Problem description
Find the line below with "Vintage Levi's 560" and the line with "盐湖除了定期检查，还有哪些方法可以及时发现接触式转速表探头的磨损？". Output exactly those lines and everything between them, leaving out the pictures.

Dataset records
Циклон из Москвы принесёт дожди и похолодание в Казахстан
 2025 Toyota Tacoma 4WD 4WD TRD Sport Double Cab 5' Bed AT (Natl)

---

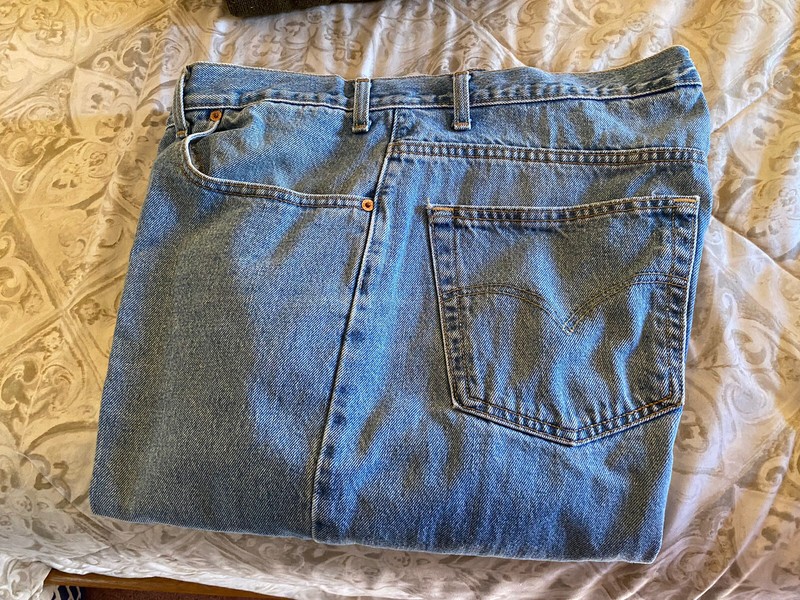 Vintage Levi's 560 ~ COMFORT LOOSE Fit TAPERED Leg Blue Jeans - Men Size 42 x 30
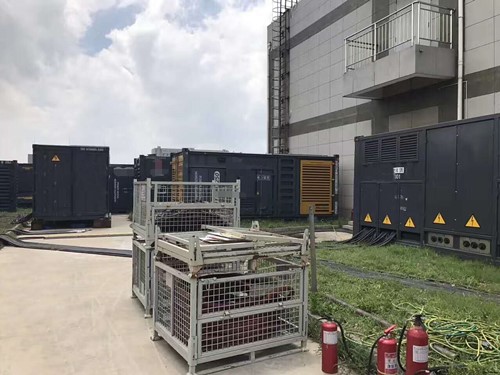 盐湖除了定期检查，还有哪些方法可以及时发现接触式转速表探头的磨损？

Exercise result
 Vintage Levi's 560 ~ COMFORT LOOSE Fit TAPERED Leg Blue Jeans - Men Size 42 x 30
 盐湖除了定期检查，还有哪些方法可以及时发现接触式转速表探头的磨损？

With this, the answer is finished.